===== EXERCISE DATA =====
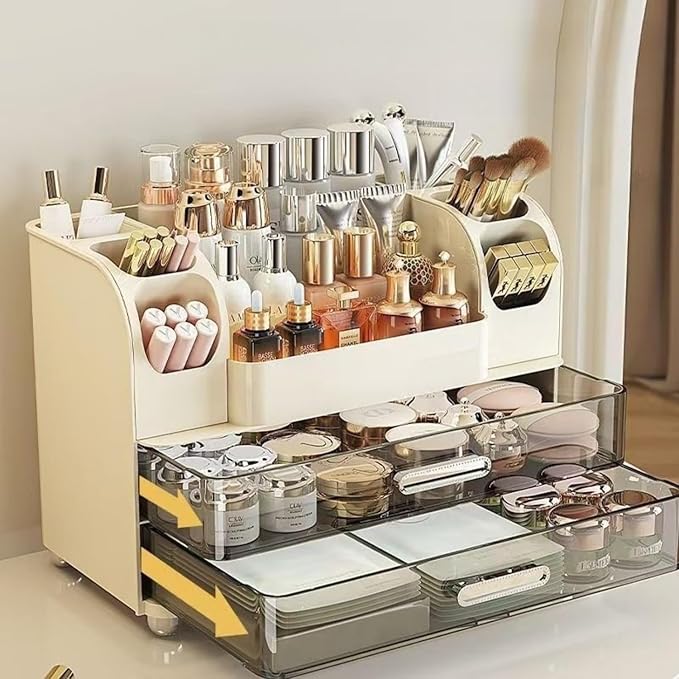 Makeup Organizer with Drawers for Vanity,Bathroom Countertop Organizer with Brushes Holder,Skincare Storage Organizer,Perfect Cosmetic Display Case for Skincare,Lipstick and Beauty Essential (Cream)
=====
===== EXERCISE DATA =====
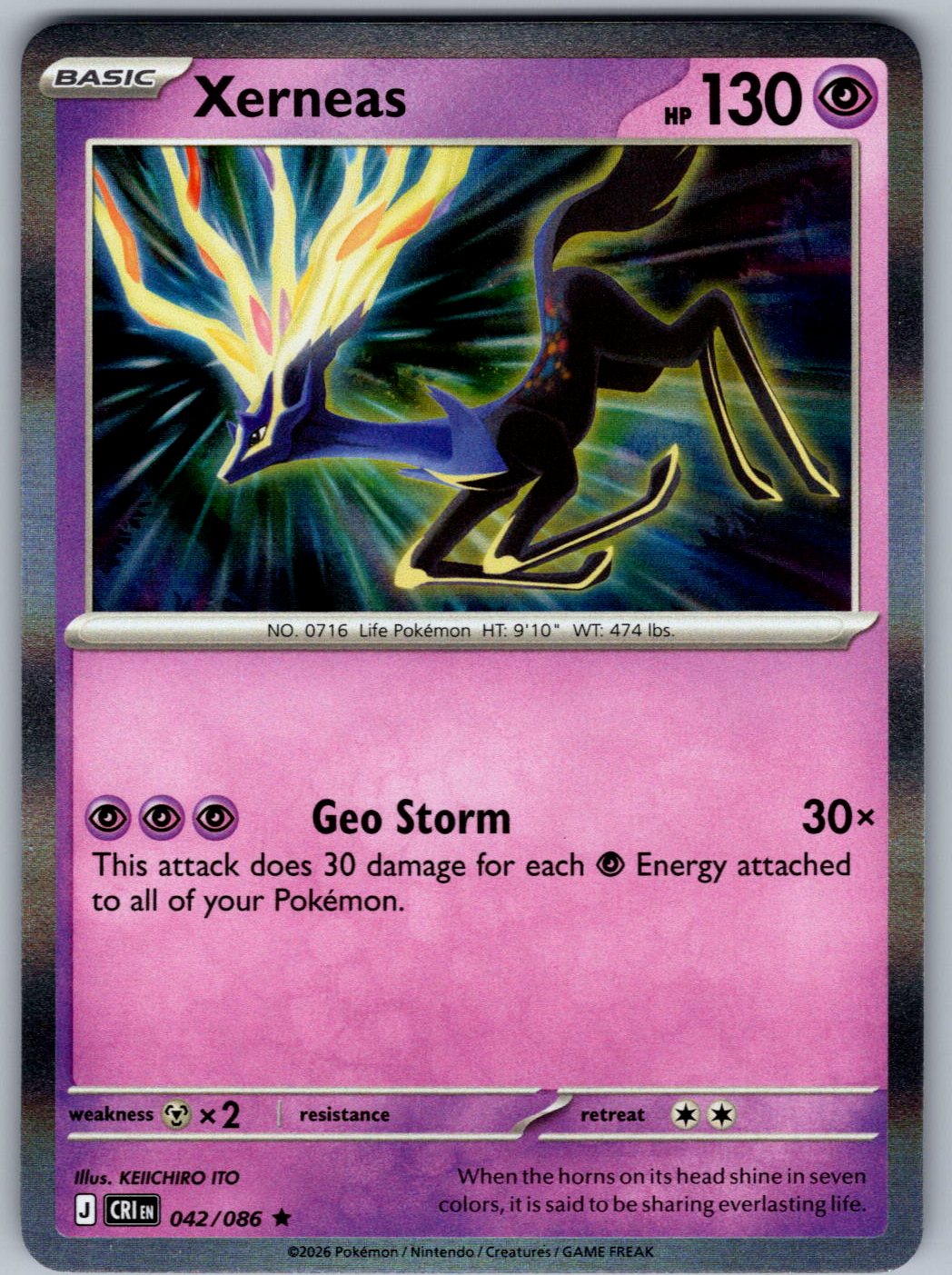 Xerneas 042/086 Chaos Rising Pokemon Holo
=====
===== EXERCISE DATA =====
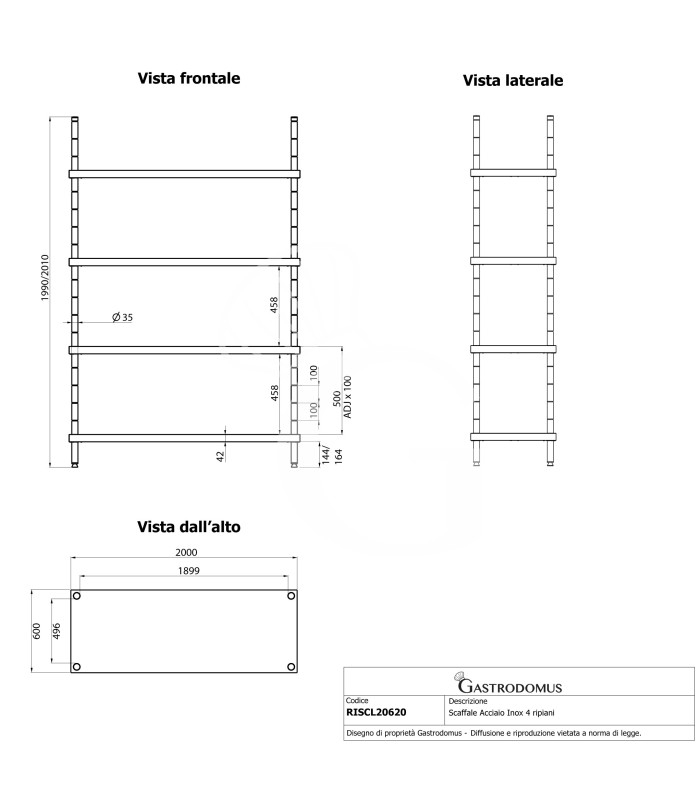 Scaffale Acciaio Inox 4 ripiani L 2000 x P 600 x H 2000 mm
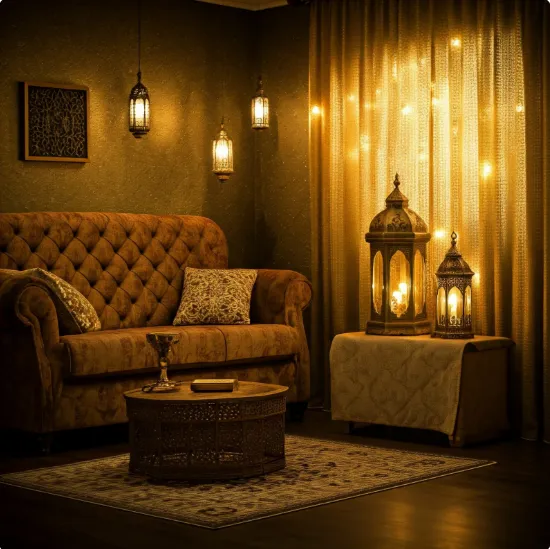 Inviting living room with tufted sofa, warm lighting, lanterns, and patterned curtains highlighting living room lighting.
=====
YOUR GOAL: The answer must be the part of the records that opens with the line containing "Scaffale Acciaio Inox" and closes with the line containing "Inviting living room", reproduced exactly, with no pictures.

RESPONSE AREA:
 Scaffale Acciaio Inox 4 ripiani L 2000 x P 600 x H 2000 mm
 Inviting living room with tufted sofa, warm lighting, lanterns, and patterned curtains highlighting living room lighting.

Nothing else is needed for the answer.